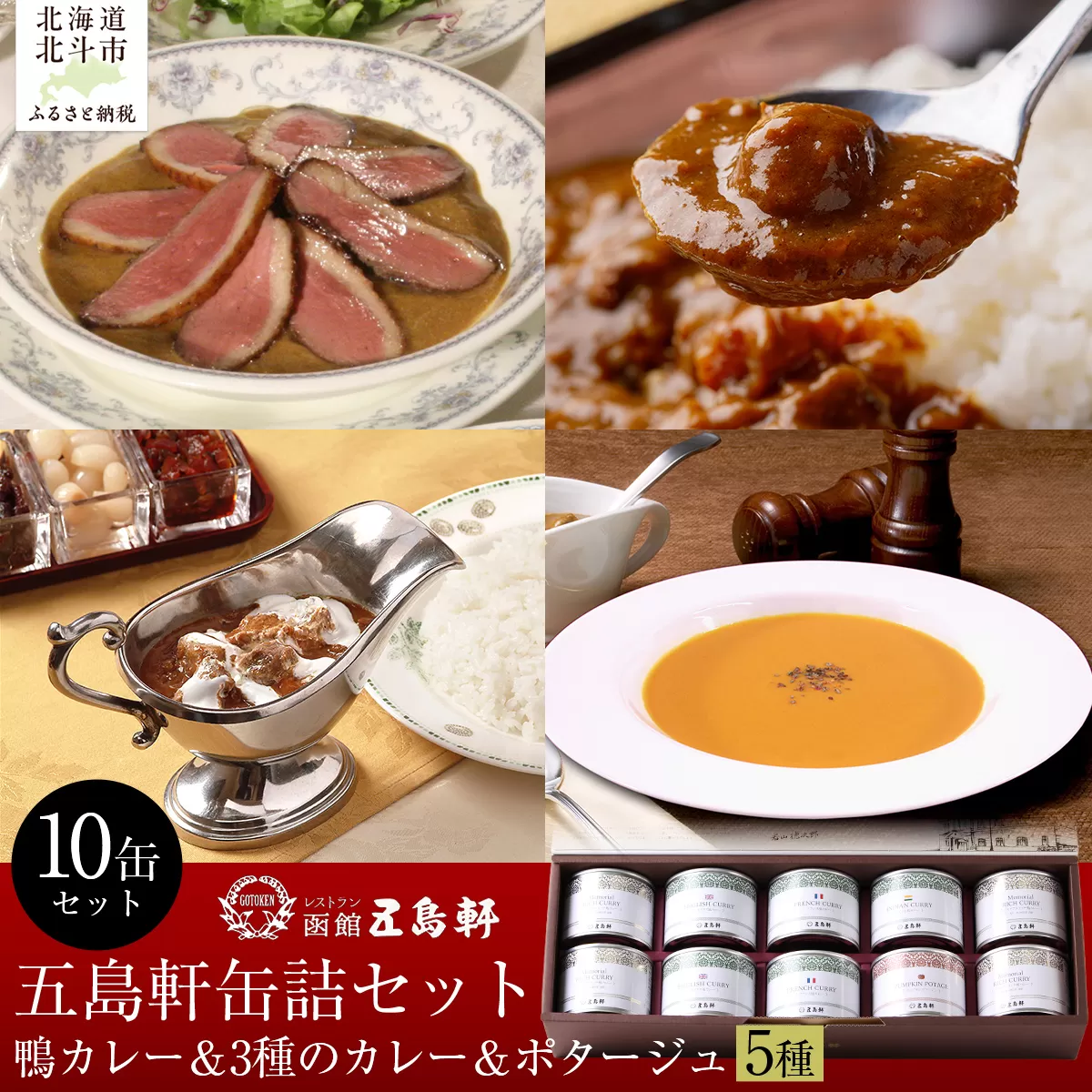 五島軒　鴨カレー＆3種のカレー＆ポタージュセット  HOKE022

--

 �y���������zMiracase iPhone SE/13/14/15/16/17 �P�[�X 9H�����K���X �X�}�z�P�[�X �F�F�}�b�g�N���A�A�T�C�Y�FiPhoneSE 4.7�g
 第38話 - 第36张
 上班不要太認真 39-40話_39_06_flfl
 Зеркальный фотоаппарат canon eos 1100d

---

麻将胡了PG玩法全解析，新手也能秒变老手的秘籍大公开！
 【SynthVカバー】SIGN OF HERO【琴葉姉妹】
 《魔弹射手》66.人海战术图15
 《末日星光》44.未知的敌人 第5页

* _Work instruction_
Would you print, exactly as written, every line above from the one holding "上班不要太認真 39-40話_39_06_flfl" through the one holding "Зеркальный фотоаппарат canon eos 1100d", with both included and no other lines?

* _Exercise response_
 上班不要太認真 39-40話_39_06_flfl
 Зеркальный фотоаппарат canon eos 1100d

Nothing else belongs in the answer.